The Beatles Were Never More Human Than in ‘Let It Be’ | Features


And yet, newly restored by Peter Jackson, who made “The Beatles: Get Back,” and streaming on Disney+, “Let It Be” turns out to be a pretty great Beatles movie, even in this compromised form. (The band members apparently demanded cuts from director Michael Lindsay-Hogg, whose initial version was about an hour longer.) Running 80 minutes, the film has a fragmented, inconclusive feel—a jagged, pieced-together energy that matches the mood of its four subjects, who have been together too long, their friendship still intact but fraying badly. History tends to view the Beatles as perfect creatures—a joyful foursome who created one of the great bodies of work of the 20th century—and while “The Beatles: Get Back” observed this fractious period in more detail, “Let It Be” has a skeletal rawness that cuts deeper. It reminds the viewer that even being in a rock ‘n’ roll band can feel like a job sometimes. It reminds us that the mighty Beatles were also very human. 

Lindsay-Hogg’s documentary features no title cards, no interviews, no introductory text to explain what we’re watching. But the opening shot tells you what you need to know: The Beatles’ distinctive logo on Ringo Starr’s drum set is shown prominently before it’s whisked away by one of the band’s crew, unceremoniously added to a pile of other random music paraphernalia. By 1969, when “Let It Be” was filmed, the Beatles were already legendary, but they were also a lucrative brand—a commodity, a business entity—and the innocent magic of yesterday was gone. That unromantic opening sets the stage for everything that follows, which takes place in three movements. The first involves the Beatles working out the “Let It Be” album tracks on a London soundstage. The second finds them at Apple recording the songs. The final (and most famous) segment features the group performing on the studio rooftop, exciting passersby while annoying the police. “Let It Be” is a story about the world’s greatest band just trying to get through something—and, with the benefit of collective hindsight, starting the process of letting each other go. 

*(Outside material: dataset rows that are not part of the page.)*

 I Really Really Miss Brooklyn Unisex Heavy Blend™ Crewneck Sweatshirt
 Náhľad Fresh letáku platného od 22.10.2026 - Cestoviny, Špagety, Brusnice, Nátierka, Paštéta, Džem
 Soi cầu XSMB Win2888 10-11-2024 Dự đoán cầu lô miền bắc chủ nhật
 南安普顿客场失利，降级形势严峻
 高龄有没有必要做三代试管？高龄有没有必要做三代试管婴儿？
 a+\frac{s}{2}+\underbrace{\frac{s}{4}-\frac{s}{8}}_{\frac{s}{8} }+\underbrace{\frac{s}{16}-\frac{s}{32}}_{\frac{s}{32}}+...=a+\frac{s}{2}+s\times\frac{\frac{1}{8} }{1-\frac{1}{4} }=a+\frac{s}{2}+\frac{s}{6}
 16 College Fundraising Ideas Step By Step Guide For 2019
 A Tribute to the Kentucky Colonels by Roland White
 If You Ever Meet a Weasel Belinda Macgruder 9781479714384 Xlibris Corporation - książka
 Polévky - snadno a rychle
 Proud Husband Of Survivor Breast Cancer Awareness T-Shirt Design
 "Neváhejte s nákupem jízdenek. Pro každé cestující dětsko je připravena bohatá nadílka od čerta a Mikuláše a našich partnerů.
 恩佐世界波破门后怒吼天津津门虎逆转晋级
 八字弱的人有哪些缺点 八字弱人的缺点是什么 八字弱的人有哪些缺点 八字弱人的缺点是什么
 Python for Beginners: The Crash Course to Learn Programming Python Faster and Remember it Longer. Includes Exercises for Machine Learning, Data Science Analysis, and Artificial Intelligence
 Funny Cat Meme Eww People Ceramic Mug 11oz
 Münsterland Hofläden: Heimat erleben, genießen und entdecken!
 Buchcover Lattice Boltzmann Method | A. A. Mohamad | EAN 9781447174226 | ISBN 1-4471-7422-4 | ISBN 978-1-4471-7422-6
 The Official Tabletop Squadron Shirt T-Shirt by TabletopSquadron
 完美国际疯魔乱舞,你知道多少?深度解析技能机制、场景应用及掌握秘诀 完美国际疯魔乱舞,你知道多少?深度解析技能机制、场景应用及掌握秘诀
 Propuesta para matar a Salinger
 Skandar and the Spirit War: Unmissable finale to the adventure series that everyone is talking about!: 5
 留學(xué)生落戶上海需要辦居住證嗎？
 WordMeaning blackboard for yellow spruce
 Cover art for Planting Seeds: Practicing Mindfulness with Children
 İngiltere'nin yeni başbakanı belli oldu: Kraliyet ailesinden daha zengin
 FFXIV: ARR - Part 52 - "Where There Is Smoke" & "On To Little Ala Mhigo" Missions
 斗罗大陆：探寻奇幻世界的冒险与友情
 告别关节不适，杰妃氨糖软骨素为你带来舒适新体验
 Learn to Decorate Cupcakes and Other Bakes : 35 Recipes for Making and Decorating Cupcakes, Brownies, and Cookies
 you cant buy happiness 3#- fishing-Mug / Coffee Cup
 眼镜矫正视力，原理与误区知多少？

“The Beatles: Get Back” strenuously pushed back against the lore that the Beatles were at each other’s throats constantly during this time. There were plenty of happy passages in Jackson’s film, but they’re also evident in “Let It Be,” which is understandable considering the band members allegedly asked Lindsay-Hogg to trim the more rancorous moments—the moments which, ironically, made their way into “The Beatles: Get Back.” But while Jackson’s documentary is encyclopedic and exhaustive—not to mention occasionally exhausting in its memorialization of minutiae—“Let It Be” feels more pointed, emphasizing the mundanity of the rock-star life.